Parish life blog: Suffer the little children

Andrew Hamilton SJ 31 May 2021

Love and respect can heal gaping wounds and create new possibilities in human lives. 

Nothing summons our outrage and compassion as strongly than the sight of children brutally treated. When we hear a story of a little child who is victim to neglect or domestic violence, is thrown into prison in Australia or made a child soldier in Africa, is deliberately shot by military at a demonstration in Myanmar or dies in a mine collapse in India, we see this event as more than just an incident. We feel that it calls out to heaven and earth for justice.

The International Days that remember innocent children who are victims of aggression (4 June) or of forced hard labour (12 June) make a claim on us when we meet adults who have survived childhood experiences to which no child should have been exposed.

Some years ago I met a young Burmese woman who had just been put into an Immigration Detention Centre. She spoke little English but asked everyone for pills – to end her life. Listening to her story, I could understand why. As a baby she had been sold across the border into Thailand. There she was used as a domestic slave until 12, when she was sold on to a locked clothing factory in the city, and some years later sold on again to a brothel. When she was seen as no longer useful she was sold on again to Malaysia, and finally to Australia, and finally dumped on the police in order to save a return fare.

Her story was one of outrage, but also one of compassion and resilience. An English teacher at the Detention Centre befriended her, pressed for her to be allowed to stay in Australia, housed her when she was accepted, and supported her when she began a Tafe course to begin a new life. Ironically, the detention centre, a symbol of Australian lack of respect for vulnerable people, was the first place where she had ever met people who showed her respect and love for who she was. It was the beginning of her flowering.

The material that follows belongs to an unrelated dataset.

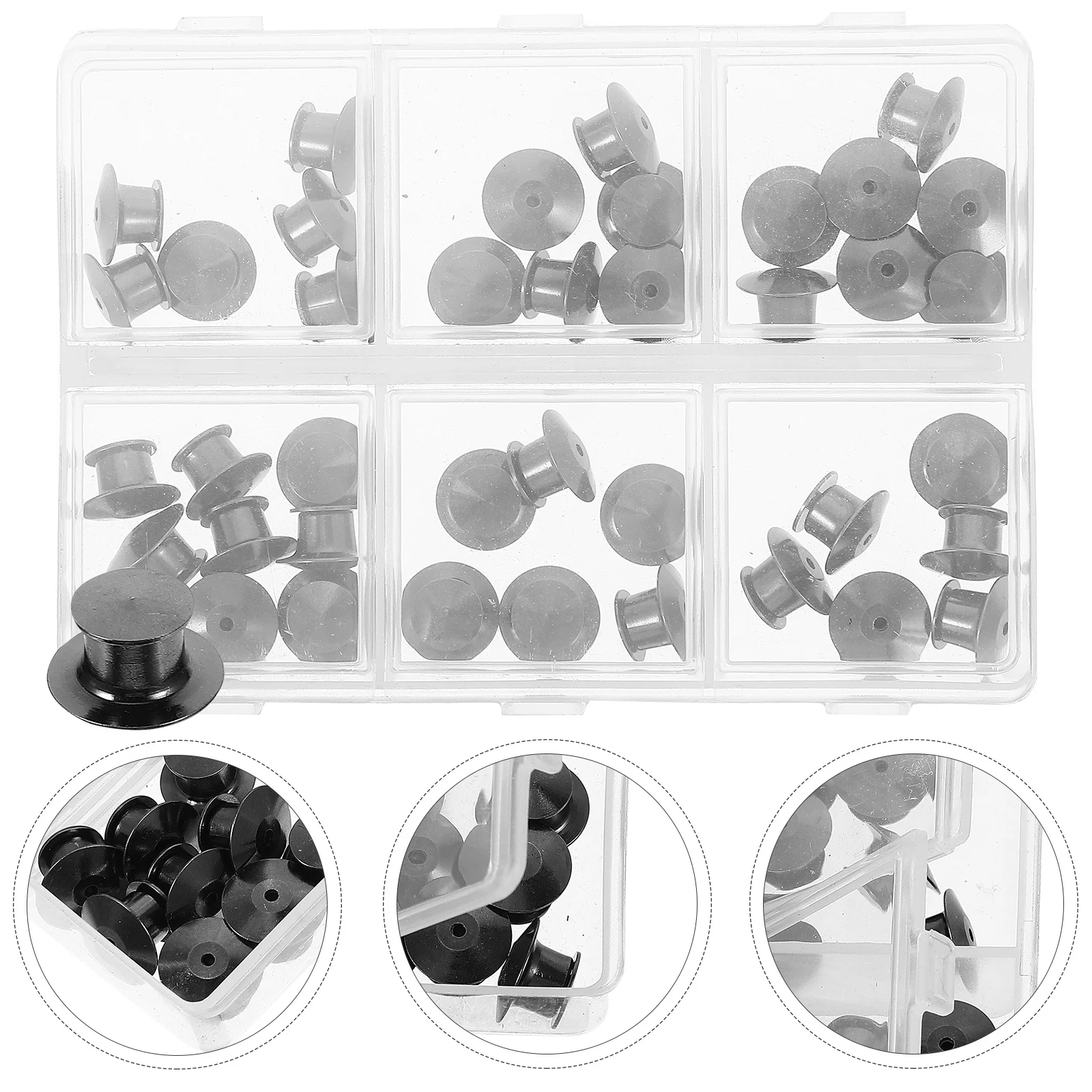 1 Box Alloy Lapel Pin Backs Enamel Flat Round Locking Pin Clutch Durable Replacement Backings for Pins Badges Bags Hats DIY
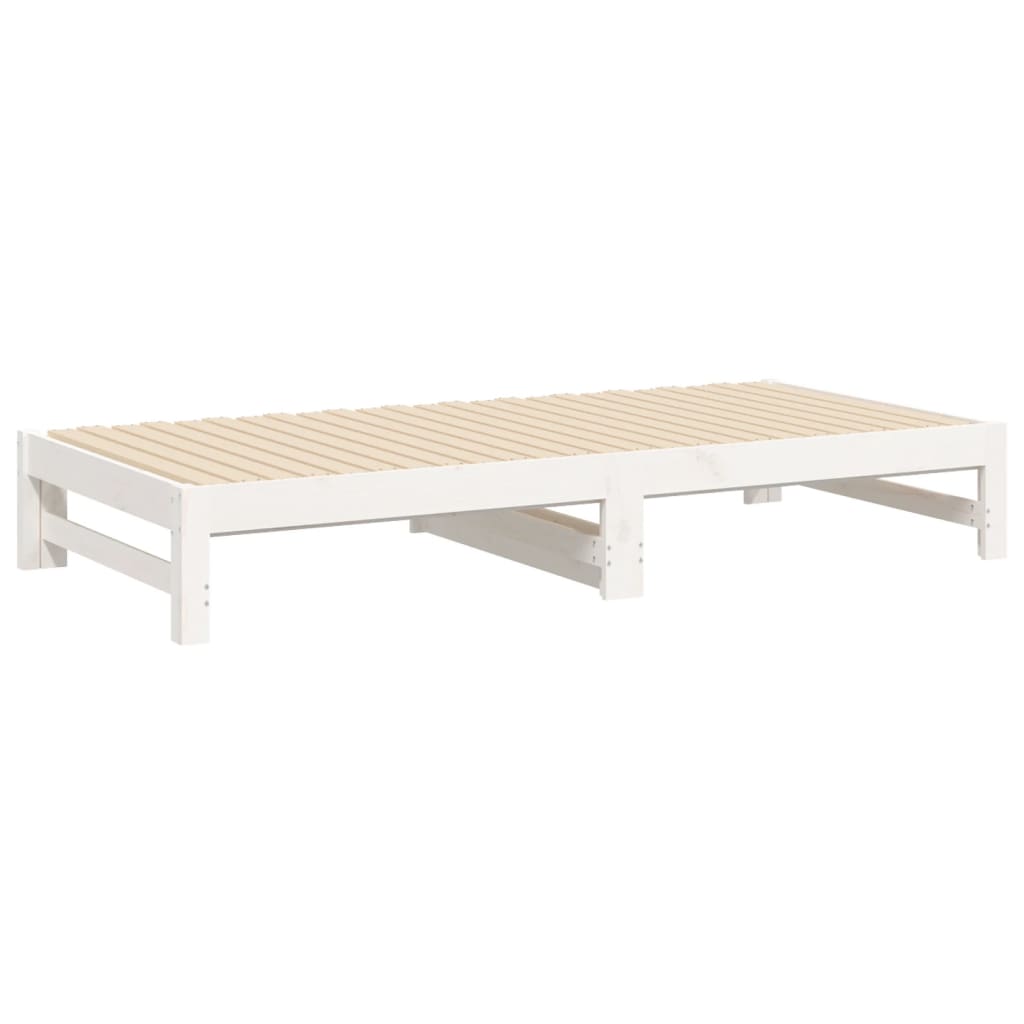 Vidaxl Extendable Bed, White, 2X(75X190) Cm, Light Pine Wood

That story, with its movement from childhood rejection, enslavement, to exploitation, to rejection, and then to respect and possibility in her adulthood, illustrates clearly why the abusive treatment of children for other people’s profit is so appalling, and why neglected and abused children command our respect. Children who by definition have no achievements, no money of their own, no high skills, and have contributed nothing to society, show clearly that the value of all human beings does not depend on what they achieve or on their status, their wealth or their connections. It is based purely in their value as human beings. Each human being is precious and each demands respect.

The story says, too, that we may never give up on any human being or accept that children are enslaved or abused for the pleasure or profit of other human beings. We should notice, report and press for change in practices that deny children’s human dignity. Among these practices are the laws that allow children as young as eight years old to be imprisoned under criminal law, which Jesuit Social Services and many other groups are pressing to change. We know the harm they do. And we, too, have seen in the lives of the young people whom we accompany how much love and respect can heal gaping wounds and create new possibilities in human lives. As Jesus said, theirs is the kingdom of heaven.